38 Years of Service
Norris McDonald, Founder and President
An award-winning researcher and writer, McDonald co-founded the environmental justice movement in the 1980s when he helped lead the fight to create the EPA Office of Environmental Justice, advocated for green jobs programs in poor and minority communities, and oversaw the first comprehensive study of pollution in Washington, D.C. He was also a groundbreaker in the traditional environmental movement in Washington, D.C.
McDonald is the winner of numerous awards including the Ebony Magazine Power 100 Award (2012), the Green Room Energy and Environmental Leadership Award (2012), the National Wildlife Federation’s Conservation Achievement Award (1997), Special Recognition by EPA and the Department of Interior (1996), EPA Environmental Equity Award (1993), Global Tomorrow Sustainable Development Award (1993), Malcolm X Cultural Education Center Community Service Award, andEnvironment Magazine Award (1991).
McDonald is author or co-author of a series of ground-breaking technical and scientific reports including: Our Unfair Share: A Survey of Pollution Sites in Our Nation’s Capital, Our Unfair Share II: Pollution in Washington, D.C., and Our Unfair Share III: Race & Pollution in Washington, D.C., in2001; Energy Efficiency Strategies for Multifamily Rental Housing, 1981;Comprehensive Utility and Grounds Survey, St. Elizabeth’s Hospital, 1985, and the Review & Evaluation of the Energy Conservation Company (ECCO) Pilot Project: Preliminary Analysis, Regression Analysis, Final Engineering Analysis, 1986.
McDonald and his work are regularly featured in national media including ABC, NBC, CBS, New York Times, Washington Post, USA Today, Baltimore Sun, and the Los Angeles Times.
McDonald was the first environmentalist and environmental justice activist to support nuclear power plants for their clean air benefits. An asthma sufferer, McDonald has made the case for nuclear as a clean air and climate mitigation technology on NPR and in other news media, has visited nuclear plants in China, and France, and is working to prevent the premature closure of nuclear power plants.
McDonald has served as member of the Maryland Governor's Environmental Justice Advisory Committee, EPA Water Conservation Advisory Committee, Maryland State Water Quality Advisory Committee, and as chairman of the board of the ACLU of Prince George’s County, served on the board of directors of the Accokeek Foundation and advisory board of Environmental Progress.
McDonald drafted the New York City Environmental Justice Bill 886 that was signed into law by New York City Mayor Bill de Blasio on April 25, 2017. McDonald drafted the original bill for Council Member Charles Barron in 2003 and he introduced the bill (Int.

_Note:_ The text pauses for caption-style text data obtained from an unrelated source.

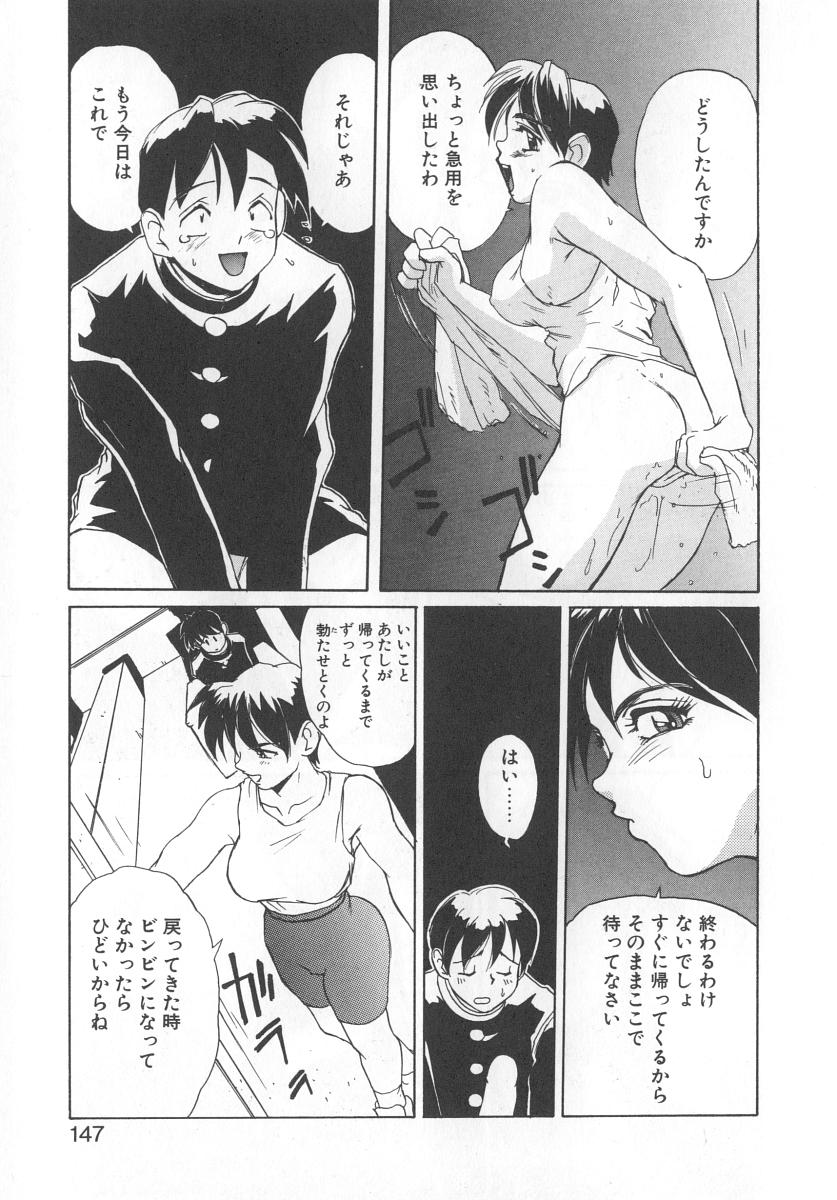 [NeWMeN] シークレットプロット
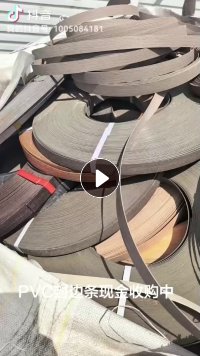 长期出售PVC封边条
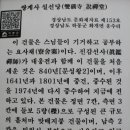 [경남 하동] 봄향기 날리던 날에 찾은 지리산쌍계사 (智異山雙磎寺) (2)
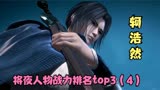 将夜人物战力排名top3 书院小师叔 轲浩然 （4）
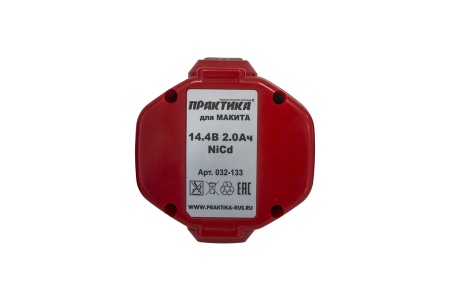 Аккумулятор 032-133 MAKITA 14.4B 2.0Ah NiCd ПРАКТИКА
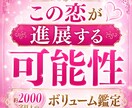 この恋は進展する？お相手の本音と未来を鑑定します タロット×四柱推命×算命学＋心理学で寄り添い鑑定いたします♡ イメージ1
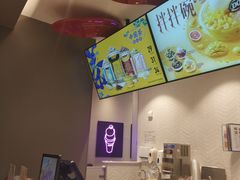 -DQ·蛋糕·冰淇淋(龙湖狮山天街店)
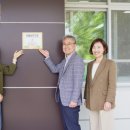 청송중학교 이미지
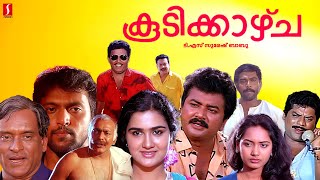 Koodikkazhcha Malayalam Full Movie  Jayaram  Urvashi  Jagadish  Malayalam Full Movie [upl. by Elimay107]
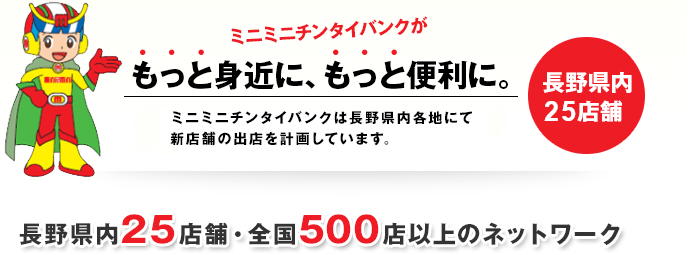 実績紹介。長野県の賃貸市場を常にリードし業界のトップランナーとして走り続けます。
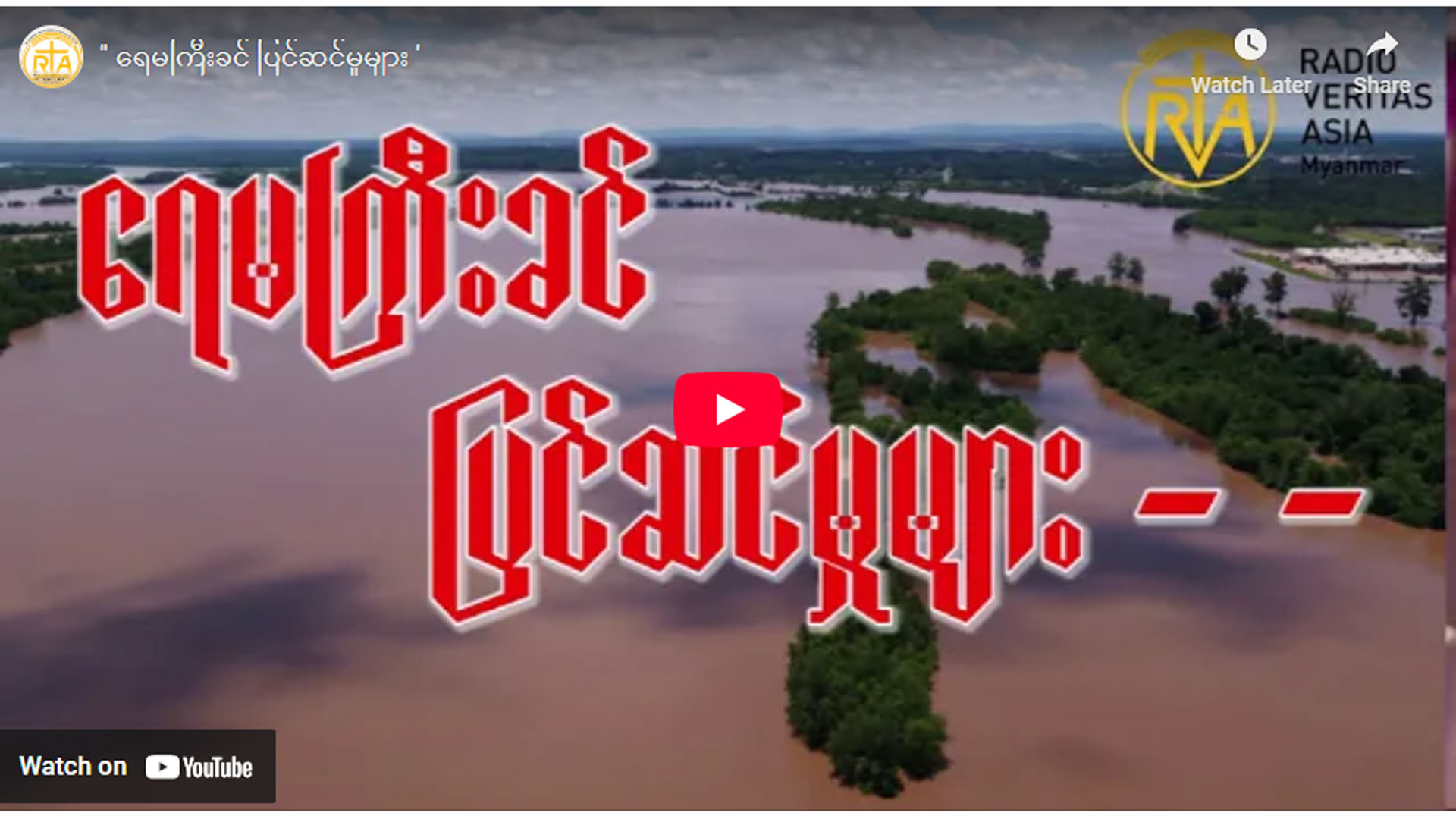 ” ရေမကြီးခင် ပြင်ဆင်မှုများ ”
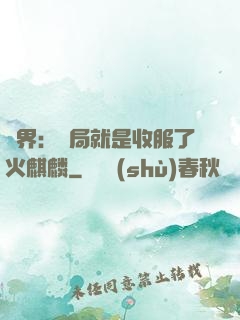異界：開局就是收服了火麒麟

No. 404) in 2004 with seven cosponsors. After meeting with Council Member Inez Barron in 2014 to request re-introduction of the legislation and after much review and revisions by the Committee on Environmental Protection, Council Member Inez Barron introduced the legislation that was signed by Mayor de Blasio.
Samara Swanston next to McDonald, New York Mayor Bill de Blasio and Bill Sponsor(s) Inez Barron, and Costa Constantinides.
McDonald has long combined his commitment to social justice and his love of nature by leading hands-on grassroots efforts for recycling, home weatherization and audits in poor neighborhoods. For more than three decades McDonald has led visits to toxic waste sites, power plants, drinking-water plants, sewage treatment plants, and creek walks all that exposed white environmentalists to the realities of poor communities of color.
From 1979 to 1986, McDonald directed the Energy Conservation and Transportation program at the Environmental Policy Institute (EPI), which later merged with Friends of the Earth (FOE). McDonald helped lead the fight in Congress in the early 1980s to maintain Corporate Average Fuel Economy (CAFE) standards, testifying before Congress as well as federal and state agencies. And McDonald successfully advocated for the 1986 Federal Shared Energy Savings Act.
Receiving Conservation Award from National Wildlife Federation
McDonald is a certified Hazardous Waste Site Inspector, and was a National Environmental Policy Act (NEPA) instructor in 1997 for the U.S. Department of Agriculture Graduate School. In 2002, McDonald helped pass the first civil rights law of the 21st Century, the No Fear Act. McDonald started one of the first minority environmental internship programs in 1989, which placed black college students in national environmental groups.
McDonald spends most of the year on Catalina Island, off the coast of southern California, and Washington, D.C.